I know that guinea pigs need more vitamin c then rabbits.. But other than that, is there any other major differences in their feed? I can supplement the vitamin c.. I want to feed the rabbits as many greens as I can.. But until I do, I'm going to need to give them rabbit feed.. I figure why buy the guinea pigs (I only have two as pets) separate food if I can just feed them what I'll already have..


----------



## ladysown

just add vitamin c to their water (need to change daily), or give 1/4 tab of chewable vitamin c to each piggie every day. LOTS of people do that. Piggies I find are a bit smarter than rabbits, they tend not to eat something which is bad for them - whereas rabbits can be fooled into it easier. Piggies tend to take their time about sampling new to them food. I find that most take readily to grass, and then they develop preferences, one will like celery and apples where another won't touch the stuff but will down green peppers (europe I think you call that paprika?) like no one business. Fun, but a bit odd.


----------



## Danaus29

I feed my cavy (guinea pig) rabbit food with vit C in the water.
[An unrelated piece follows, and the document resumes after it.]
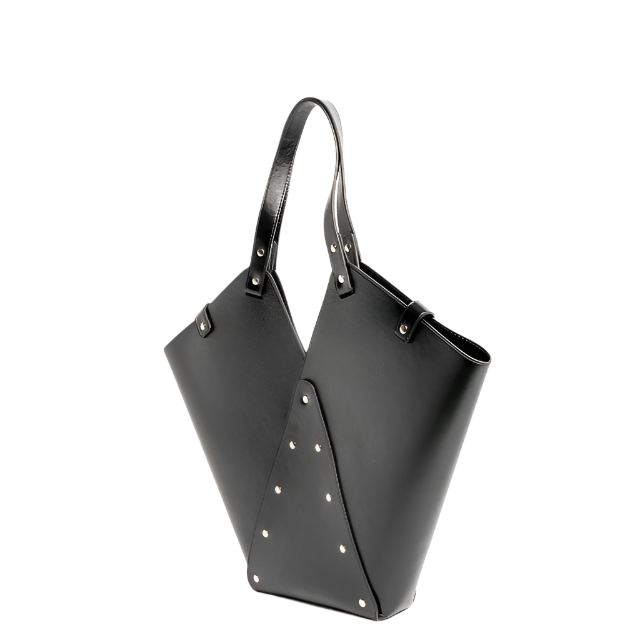 Borsa Modello Forcola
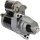 Anlasser Starter 11 Zähne 12 V 07 KW HC-Cargo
He's been eating rabbit pellets for 4 years now so I guess it's not harming him. He does get more hay and greens than the rabbits but I feed pellets and hay only over the winter. When I introduce greens in the spring he gets them just the same as the rabbits.


----------



## Kittikity

Oh, I didn't know you could feed guinea pigs greens like you do the rabbits.. I could feed mine year round here in Florida.. Then again, I don't know what's safe for guinea pigs compared to rabbits.. I do plan on giving them plenty of hay though.. Right now they get timothy hay you get from the pet store along with their guinea pig food..


----------



## MaggieJ

Here's a website you might find interesting:
http://www.galensgarden.co.uk/index.php


----------



## Danaus29

Here's one that gives a short list of acceptable green foods:
http://www.aracnet.com/~seagull/Guineas/feeding.html#Veggies

Additions I have found that piggies like:
mint, lemon balm, rose bushes (thorns removed if possible), grape leaves and young stems, raspberry leaves, spinach


----------



## Miniature World

Well I have 4 guinea pigs and I keep them in my rabbit pens. The girls with the girls and guys with the guys. They are all friends, and some times the guinea pigs boss my NZW rabbits around. What I do is buy a bid bag of rabbit feed, and one of those little bags of guinea pig feed. Then I mix them together and put it in my rabbit tray. In the winter they get hay and summer grass just like rabbits.

Hope that helps!


----------



## Otter

Any I've ever had have enjoyed citrus peels. They eat the white inside of them like it's candy and it is very rich in Vit C


----------